= Beginning of Section =

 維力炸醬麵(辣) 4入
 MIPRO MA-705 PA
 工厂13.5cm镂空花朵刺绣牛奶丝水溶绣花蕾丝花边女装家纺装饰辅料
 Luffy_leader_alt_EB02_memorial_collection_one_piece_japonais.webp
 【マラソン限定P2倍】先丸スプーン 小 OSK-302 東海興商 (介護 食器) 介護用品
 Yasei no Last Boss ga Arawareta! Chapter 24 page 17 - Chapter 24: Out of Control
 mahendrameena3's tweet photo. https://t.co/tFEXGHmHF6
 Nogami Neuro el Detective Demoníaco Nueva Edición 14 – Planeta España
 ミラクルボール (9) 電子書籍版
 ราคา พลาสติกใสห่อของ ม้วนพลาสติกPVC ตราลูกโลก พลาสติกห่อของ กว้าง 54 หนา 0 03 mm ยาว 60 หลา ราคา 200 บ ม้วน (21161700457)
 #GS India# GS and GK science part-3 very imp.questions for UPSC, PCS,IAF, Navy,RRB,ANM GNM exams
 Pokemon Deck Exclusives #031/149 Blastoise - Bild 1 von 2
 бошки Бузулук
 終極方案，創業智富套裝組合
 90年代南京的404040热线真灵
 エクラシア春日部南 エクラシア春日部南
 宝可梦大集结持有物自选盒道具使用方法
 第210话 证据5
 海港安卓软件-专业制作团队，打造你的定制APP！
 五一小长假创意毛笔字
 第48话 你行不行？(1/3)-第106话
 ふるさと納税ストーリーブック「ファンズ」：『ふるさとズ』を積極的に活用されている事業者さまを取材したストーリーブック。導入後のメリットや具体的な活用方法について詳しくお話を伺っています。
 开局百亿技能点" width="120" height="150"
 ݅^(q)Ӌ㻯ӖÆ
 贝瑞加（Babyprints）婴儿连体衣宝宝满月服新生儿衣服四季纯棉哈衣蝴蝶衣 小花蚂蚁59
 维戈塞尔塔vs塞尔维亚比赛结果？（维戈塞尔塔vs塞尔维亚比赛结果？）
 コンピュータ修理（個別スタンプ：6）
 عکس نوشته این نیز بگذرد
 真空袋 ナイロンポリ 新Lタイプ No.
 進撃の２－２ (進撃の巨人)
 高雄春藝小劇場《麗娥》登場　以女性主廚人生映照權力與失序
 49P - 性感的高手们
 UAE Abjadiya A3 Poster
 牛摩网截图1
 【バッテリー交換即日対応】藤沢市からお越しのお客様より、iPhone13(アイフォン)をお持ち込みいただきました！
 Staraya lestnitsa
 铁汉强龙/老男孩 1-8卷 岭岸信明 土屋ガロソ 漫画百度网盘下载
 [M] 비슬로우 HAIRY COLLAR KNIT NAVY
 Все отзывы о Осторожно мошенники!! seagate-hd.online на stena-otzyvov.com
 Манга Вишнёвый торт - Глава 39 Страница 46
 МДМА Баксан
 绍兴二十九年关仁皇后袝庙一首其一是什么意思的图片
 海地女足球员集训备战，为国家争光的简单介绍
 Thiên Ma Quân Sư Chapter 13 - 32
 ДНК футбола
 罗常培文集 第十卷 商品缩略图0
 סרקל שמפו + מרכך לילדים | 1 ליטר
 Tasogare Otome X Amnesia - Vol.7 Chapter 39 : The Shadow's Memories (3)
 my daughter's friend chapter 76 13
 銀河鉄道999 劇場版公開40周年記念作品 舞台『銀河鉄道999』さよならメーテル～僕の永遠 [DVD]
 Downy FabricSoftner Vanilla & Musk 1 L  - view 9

= End of Section =

Would you retype the listing above in full, exactly as it reads?

Answer to the exercise:
 維力炸醬麵(辣) 4入
 MIPRO MA-705 PA
 工厂13.5cm镂空花朵刺绣牛奶丝水溶绣花蕾丝花边女装家纺装饰辅料
 Luffy_leader_alt_EB02_memorial_collection_one_piece_japonais.webp
 【マラソン限定P2倍】先丸スプーン 小 OSK-302 東海興商 (介護 食器) 介護用品
 Yasei no Last Boss ga Arawareta! Chapter 24 page 17 - Chapter 24: Out of Control
 mahendrameena3's tweet photo. https://t.co/tFEXGHmHF6
 Nogami Neuro el Detective Demoníaco Nueva Edición 14 – Planeta España
 ミラクルボール (9) 電子書籍版
 ราคา พลาสติกใสห่อของ ม้วนพลาสติกPVC ตราลูกโลก พลาสติกห่อของ กว้าง 54 หนา 0 03 mm ยาว 60 หลา ราคา 200 บ ม้วน (21161700457)
 #GS India# GS and GK science part-3 very imp.questions for UPSC, PCS,IAF, Navy,RRB,ANM GNM exams
 Pokemon Deck Exclusives #031/149 Blastoise - Bild 1 von 2
 бошки Бузулук
 終極方案，創業智富套裝組合
 90年代南京的404040热线真灵
 エクラシア春日部南 エクラシア春日部南
 宝可梦大集结持有物自选盒道具使用方法
 第210话 证据5
 海港安卓软件-专业制作团队，打造你的定制APP！
 五一小长假创意毛笔字
 第48话 你行不行？(1/3)-第106话
 ふるさと納税ストーリーブック「ファンズ」：『ふるさとズ』を積極的に活用されている事業者さまを取材したストーリーブック。導入後のメリットや具体的な活用方法について詳しくお話を伺っています。
 开局百亿技能点" width="120" height="150"
 ݅^(q)Ӌ㻯ӖÆ
 贝瑞加（Babyprints）婴儿连体衣宝宝满月服新生儿衣服四季纯棉哈衣蝴蝶衣 小花蚂蚁59
 维戈塞尔塔vs塞尔维亚比赛结果？（维戈塞尔塔vs塞尔维亚比赛结果？）
 コンピュータ修理（個別スタンプ：6）
 عکس نوشته این نیز بگذرد
 真空袋 ナイロンポリ 新Lタイプ No.
 進撃の２－２ (進撃の巨人)
 高雄春藝小劇場《麗娥》登場　以女性主廚人生映照權力與失序
 49P - 性感的高手们
 UAE Abjadiya A3 Poster
 牛摩网截图1
 【バッテリー交換即日対応】藤沢市からお越しのお客様より、iPhone13(アイフォン)をお持ち込みいただきました！
 Staraya lestnitsa
 铁汉强龙/老男孩 1-8卷 岭岸信明 土屋ガロソ 漫画百度网盘下载
 [M] 비슬로우 HAIRY COLLAR KNIT NAVY
 Все отзывы о Осторожно мошенники!! seagate-hd.online на stena-otzyvov.com
 Манга Вишнёвый торт - Глава 39 Страница 46
 МДМА Баксан
 绍兴二十九年关仁皇后袝庙一首其一是什么意思的图片
 海地女足球员集训备战，为国家争光的简单介绍
 Thiên Ma Quân Sư Chapter 13 - 32
 ДНК футбола
 罗常培文集 第十卷 商品缩略图0
 סרקל שמפו + מרכך לילדים | 1 ליטר
 Tasogare Otome X Amnesia - Vol.7 Chapter 39 : The Shadow's Memories (3)
 my daughter's friend chapter 76 13
 銀河鉄道999 劇場版公開40周年記念作品 舞台『銀河鉄道999』さよならメーテル～僕の永遠 [DVD]
 Downy FabricSoftner Vanilla & Musk 1 L  - view 9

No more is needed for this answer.